Cervical cancer is nearly 100% preventable, yet South African statistics reveal that one in every 42 women will be diagnosed with this disease, the most common form of cancer amongst women!

The good news is that cervical cancer is preventable and curable if detected early.

Causes of cervical cancer:

  • starting sexual activity before the age of 18 years
  • more than one sexual partner in a life time
  • sexually transmitted diseases eg. syphilis, gonorrhea, other offensive vaginal discharges, and especially viral infections eg genital warts (HPV), HIV, genital herpes
  • multiple pregnancies from an early age
  • organ transplant patients, due to immunosuppressant treatment
  • smoking
  • failure to receive regular PAP-smear screening
  • hormonal treatment
  • women born between the years of 1940 to 1970, whose mothers received DES (Diethylstilbestrol) during their pregnancies

If you have TWO OR MORE of the possible causes you may increase your chance for cervical cancer dramatically!

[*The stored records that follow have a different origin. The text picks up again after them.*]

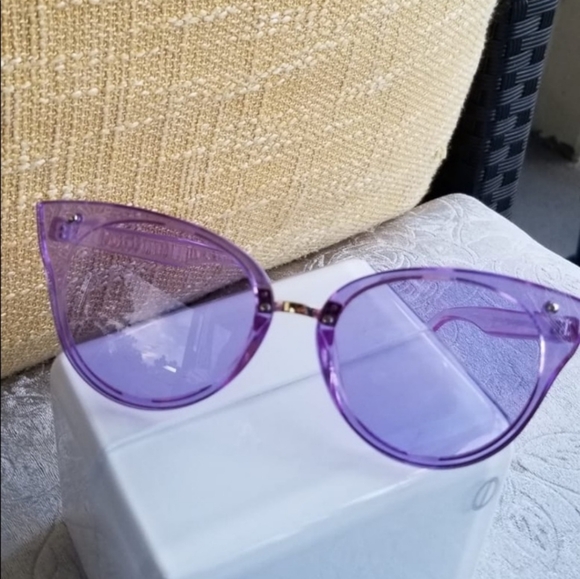 Imported

plastic frame - Picture 1 of 3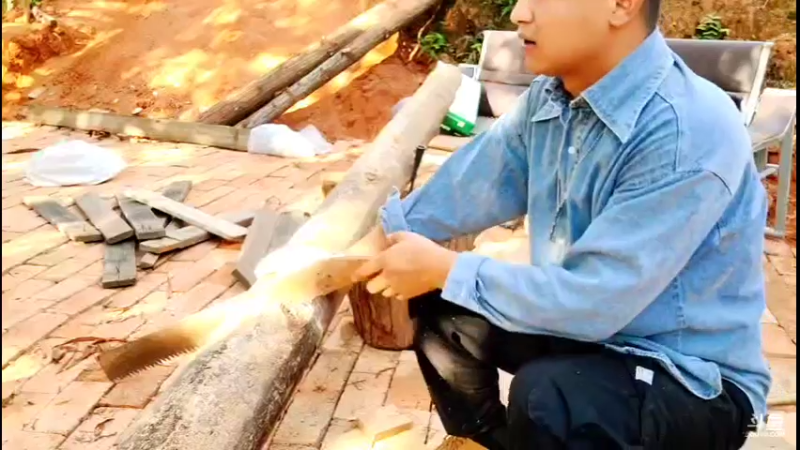 【2021-10-26 15点场】主播阿郎：荒野独居（做桌子）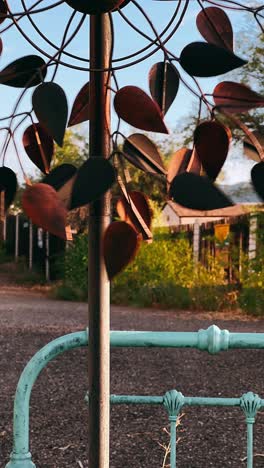 decoración de molino de viento rústico en un entorno de jardín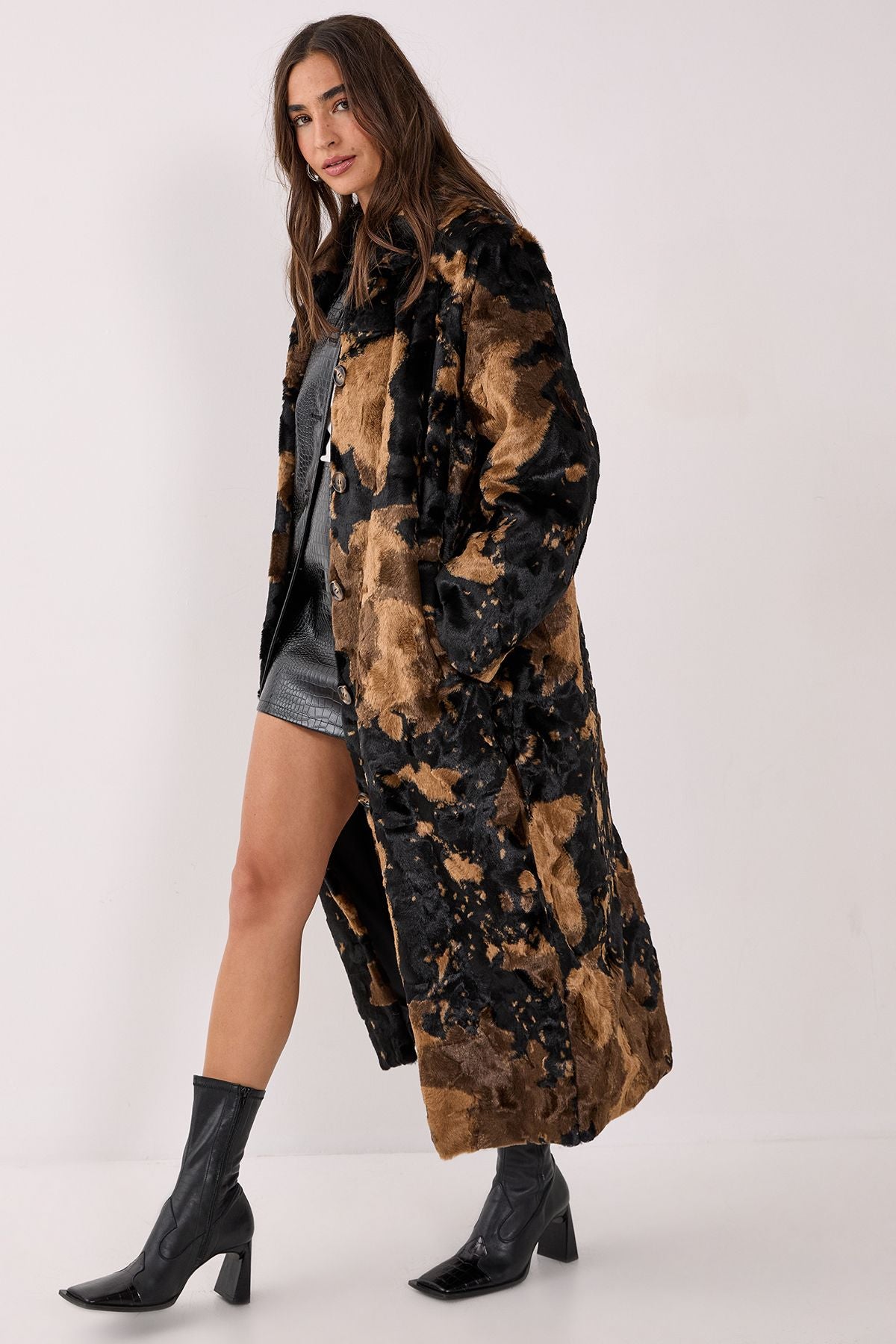 https://mediahub.prettylittlething.com/bgg27089_brown_xl_2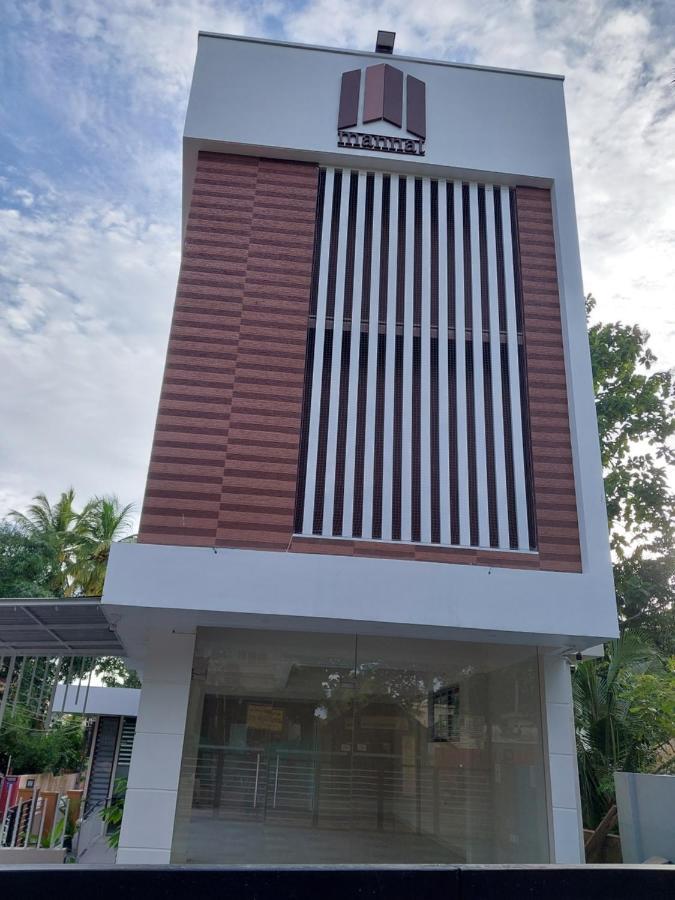 Hotel Mannat Residence Thiruvananthapuram Екстериор снимка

How will you know if you have cervical cancer?

  • early stages NO symptoms
  • abnormal bleeding (between periods, after intercourse, douching, or pelvic exam.
  • longer and heavier periods
  • sudden bleeding after menopause!
  • increased offensive vaginal discharges.

The above symptoms may occur with other health problems, consult your doctor if present.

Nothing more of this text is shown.